FAA Grounds 9% of UPS MD-11 Fleet After Fatal Crash, Margins at Risk
The FAA grounded all of UPS’s MD-11 aircraft, representing about 9% of its fleet, following a fatal Louisville crash, disrupting peak-season logistics and forcing costly reroutes. Analysts now expect 2025 revenue and EPS to each fall 3%, with flat revenue and 7% EPS growth projected for 2026.
1. FAA Grounds MD-11 Fleet as Crash Probe Focuses on Faulty Jet Components
In November, the Federal Aviation Administration ordered an indefinite grounding of UPS’s MD-11 freighter fleet—representing roughly 9% of its total aircraft—after a fatal crash in Louisville. Investigators are examining a jet component with a history of failures on McDonnell Douglas airframes. The grounding occurred during peak holiday season, forcing UPS to reroute cargo onto alternative aircraft types, heavy‐duty trucks and partner carriers. Executives warn that the operational disruption and potential regulatory fines could compress fourth‐quarter margins by several hundred basis points and strain network reliability through early 2026.
2. Sustained Decline in Volumes, Revenue and Profitability Pressures Financials
Since the pandemic peak in 2021, UPS’s average daily package volume has dropped from 25.25 million to 19.97 million in the first nine months of 2025. Total revenue slid from $97.29 billion in 2021 to $64.18 billion over the same period in 2025, while adjusted operating margin compressed from 13.5% to 6.8%. Diluted EPS tumbled from $14.68 to $4.46. The company has partially offset volume losses by raising average revenue per piece—up from $10.87 to $14.46—but elevated fuel, labor and pension costs from its new Teamsters contract have eroded profitability. A threatened strike last year prompted some shippers to shift business to alternative couriers.

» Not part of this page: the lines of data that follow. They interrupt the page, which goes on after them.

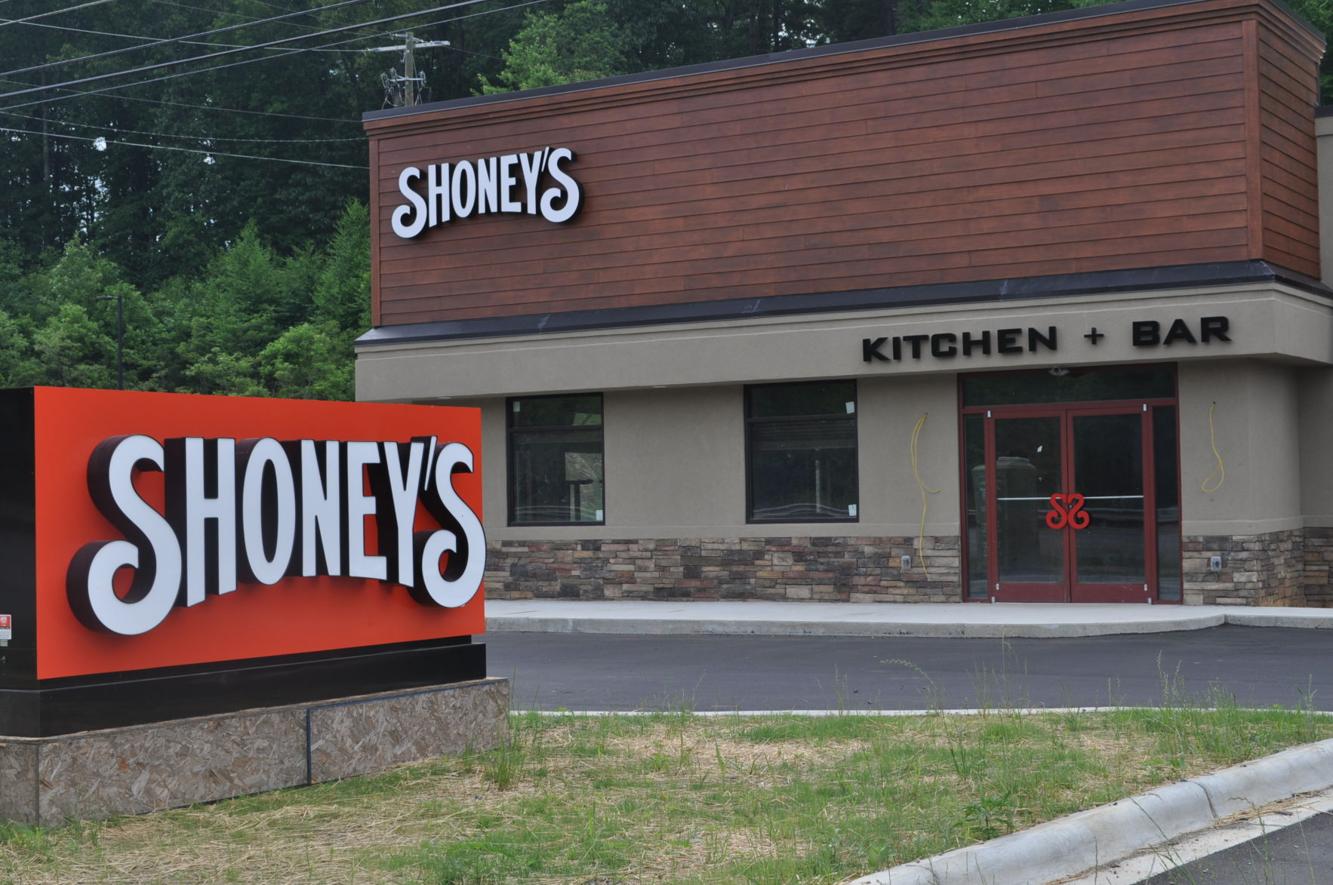 Still no opening date for Shoneys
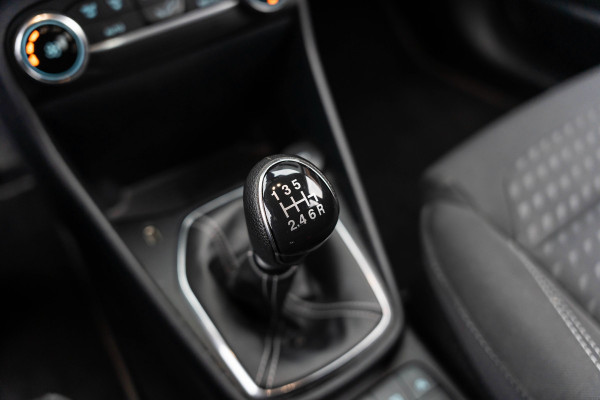 Ford Fiesta 1.0 EcoBoost Hybrid Titanium 125PK | 1e Eig |NAP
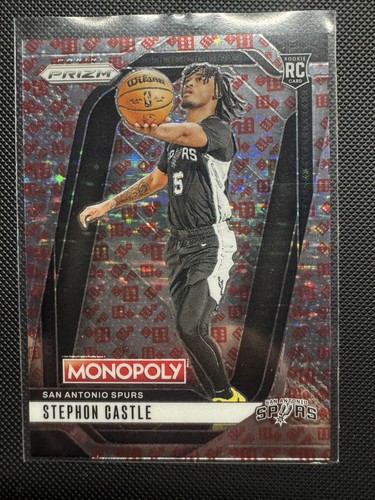 2024 stephon castle rc - stephon,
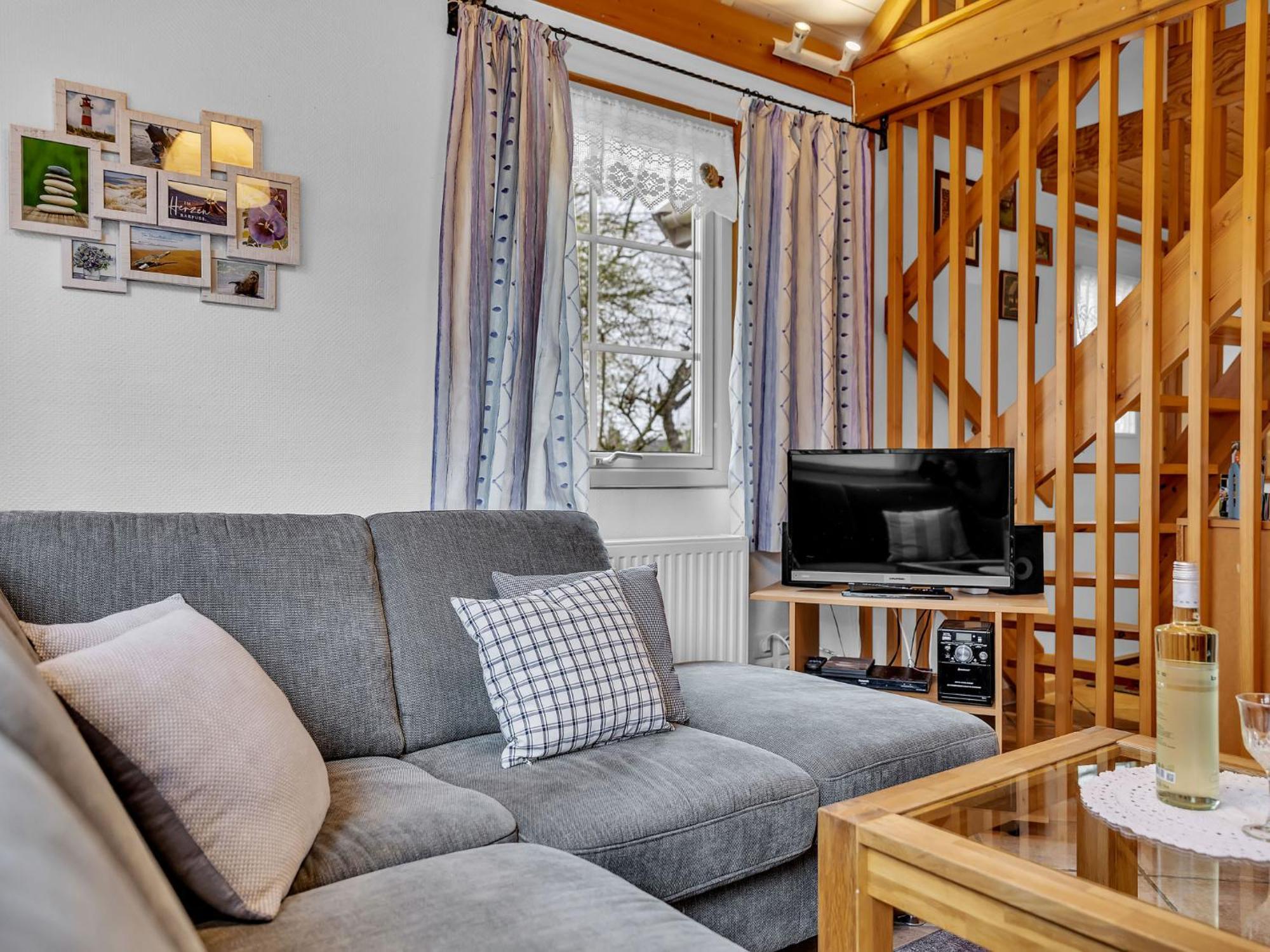 Chalet Friedrichsen I By Interhome Langenhorn ภายนอก รูปภาพ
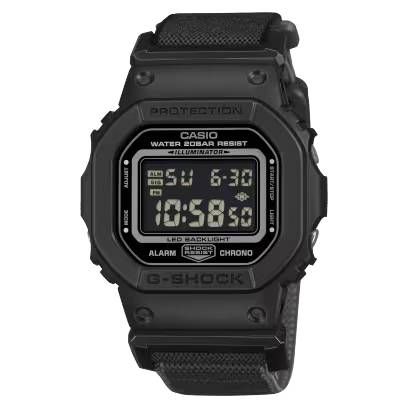 Reloj G-SHOCK modelo DW-5600MNC-1ER marca Casio Hombre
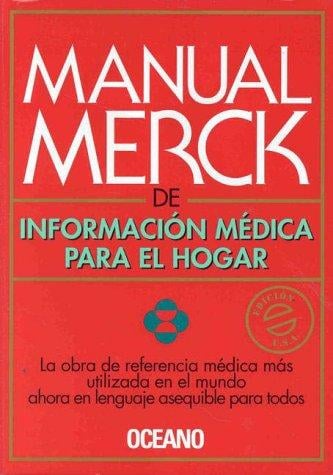 Manual Merck de información médica, para el hogar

3. Strategic Actions and Murky 2026 Outlook
Management has targeted $3.5 billion in cost reductions in 2025 and is refocusing volumes toward higher‐margin healthcare, small‐to‐medium business and business‐to‐business segments. It plans further automation and facility consolidations to boost productivity. Analysts forecast roughly flat full‐year revenue for 2026 and a 7% increase in EPS as these initiatives take hold. However, persistent weakness in U.S. manufacturing, trade-tariff pressures on SMB customers and the lingering effects of the MD-11 grounding introduce uncertainty around margin recovery and cash flow generation in the near term.